Every finite subset of a non-regular set is regular.

Any finite set is always regular. 

$\Sigma^*$ being regular any non regular language is a subset of this, and hence (A) is false.

If we take a CFL which is not regular, and takes union with its complement (complement of a CFL which is not regular won't be regular as regular is closed under complement), we get $\Sigma^*$ which is regular. So, (C) is false. 
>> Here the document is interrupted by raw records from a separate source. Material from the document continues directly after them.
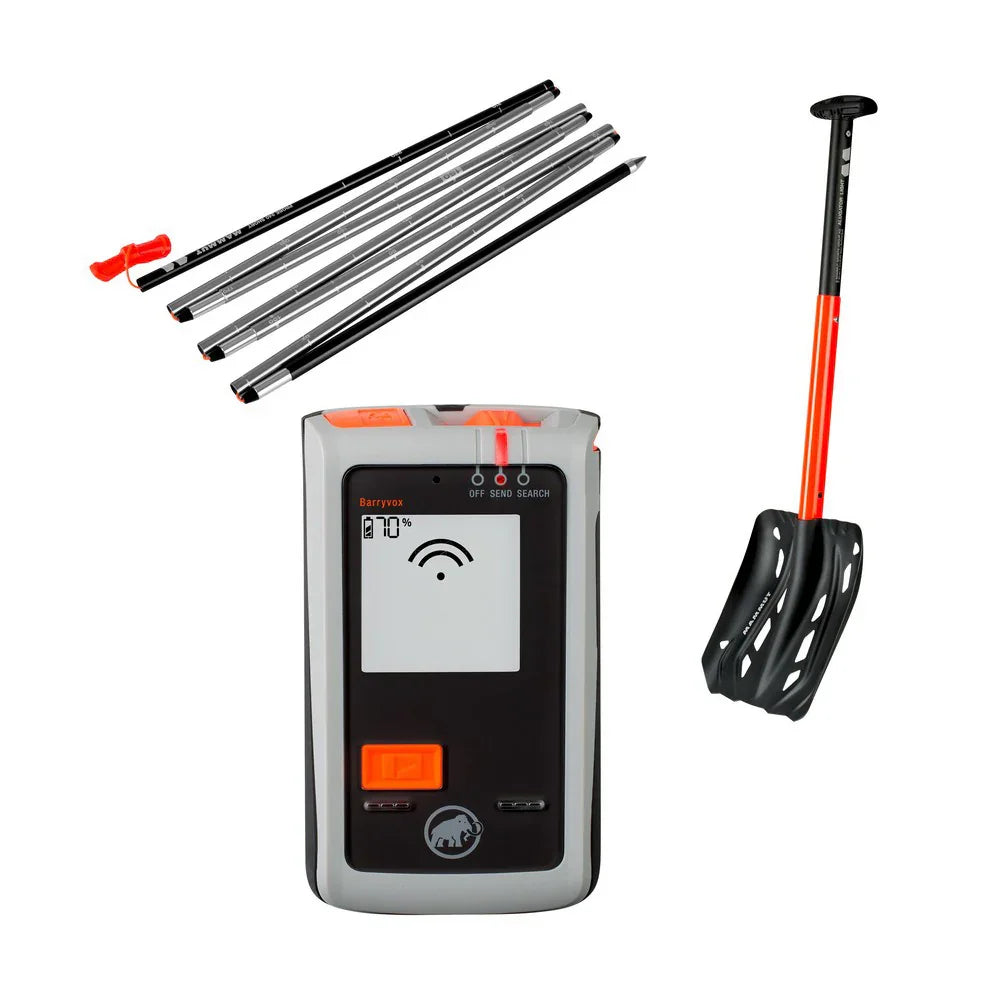 Ensemble de sécurité en avalanche Mammut Barryvox Package Light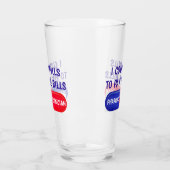 Tel Pillen om de rekeningen te betalen Glas (Links)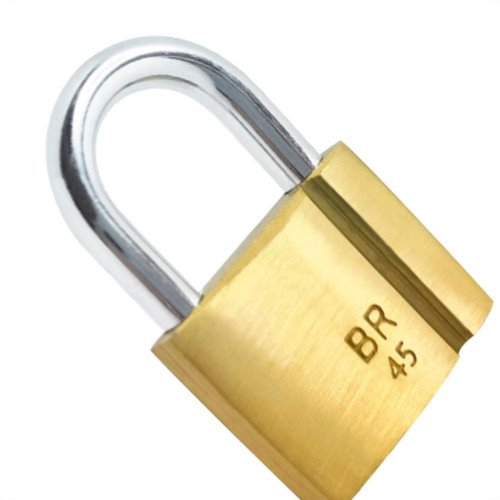 Cadeado Gold Art 45Mm Gcc2N0006 - Kit C/5 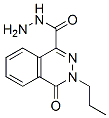 (9ci)-3,4-二氫-4-氧代-3-丙基-1-二氮雜萘羧酸肼結(jié)構(gòu)式_568553-33-3結(jié)構(gòu)式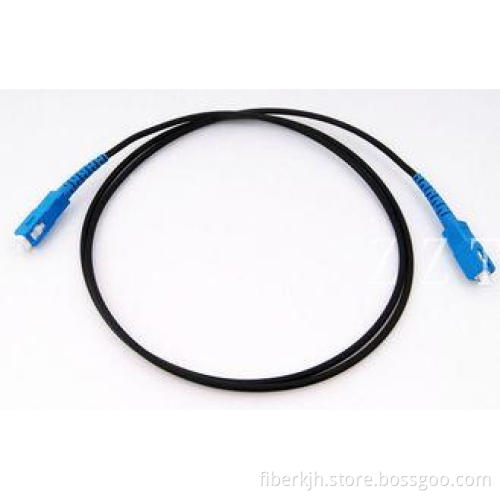Outdoor Indoor SC Fiber Optic Patch Cord Corning With UL 94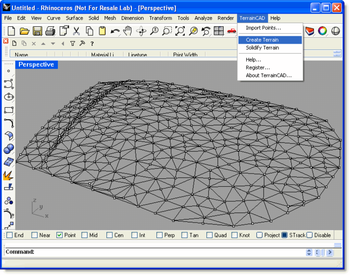 TerrainCAD for Rhino screenshot 3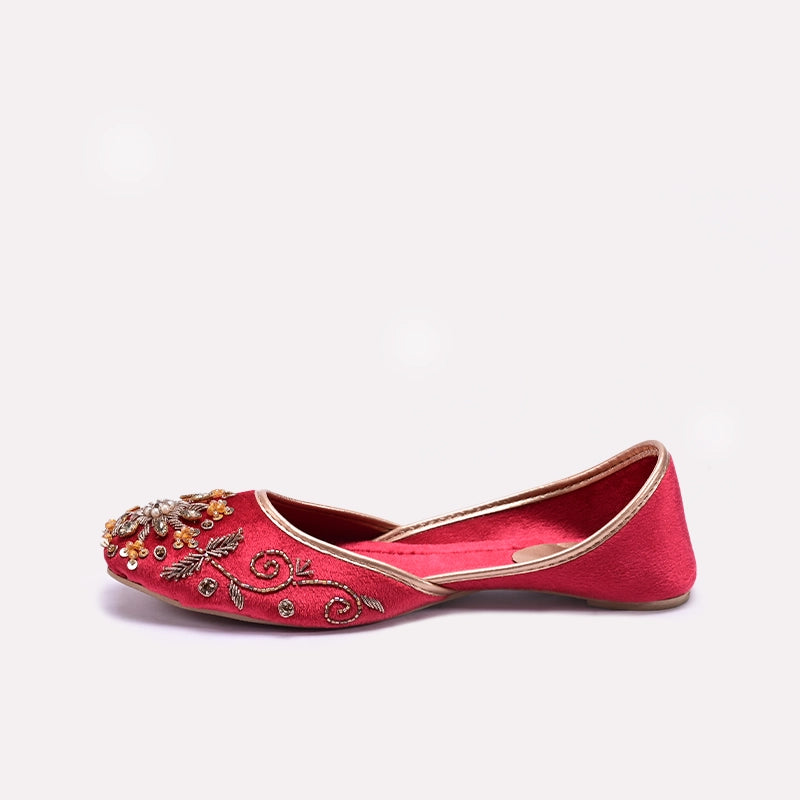 Red Khussa for Women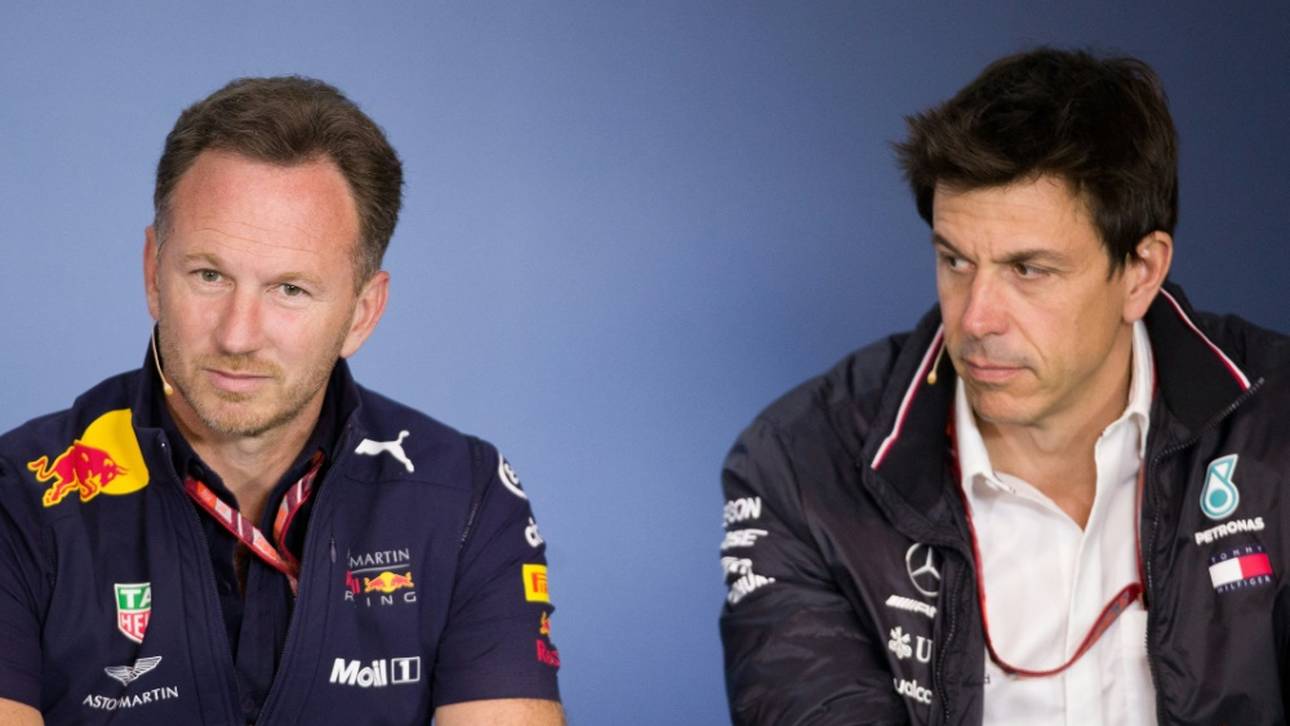 Handshake der Teamchefs – Horner will „auf der Strecke gewinnen“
Regular set is not closed under infinite union. Example:
Let $L_i = \{0^i1^i \}, i \in N$

Now, if we take infinite union over all $i$, we get

$L =\{0^i1^i \mid i \in N\}$, which is not regular. 

So, (D) is false. 

edited by
7 votes
7 votes
If a set is finite then it must be regular , as every language which contains finite elements is regular. Hence, every finite subset of a non-regular set is regular.
Every subset of regular set is regular, is false. For example L = {$a^{n} b^{n}$ | n ≥ 0} is subset of ∑* and L is CFL, whereas ∑* is regular. Hence, every subset of regular set need not be regular.
The union of two non-regular sets is not regular, is also a false statement.
For example, consider two CFL’s.
L = {$a^{n} b^{n}$| n ≥ 0} and its complement Lc = {$a^{m} b^{n}$ | m ≠ n } U b*a*.
If we take UNION of L and $L^{c}$ , we will get ∑*, which is regular. Hence the UNION of two non-regular set may or may not be regular.
The statement, Infinite union of finite sets is regular is also a false statement.
5 votes
5 votes

Some points for Regular Sets:

  • A set is always regular if it is finite.
  • A set is always regular if a DFA/NFA can be drawn for it.

Option A: Every subset of a regular set is regular is False.
For input alphabets a and b, a*b* is regular. A DFA can be drawn for a*b* but a$^n$ b$^n$  for n≥0 which is a subset of a*b* is not regular as we cannot define a DFA for it.

Option B: Every finite subset of a non-regular set is regular is True.
Each and every set which is finite can have a well-defined DFA for it so whether it is a subset of a regular set or non-regular set it is always regular.

Option C: The union of two non-regular sets is not regular is False.
For input alphabets a and b, a$^n$ b$^n$ for all n≥0 is non-regular as well as a$^n$ b$^m$ for n≠m is also non- regular but their union is a*b* which is regular.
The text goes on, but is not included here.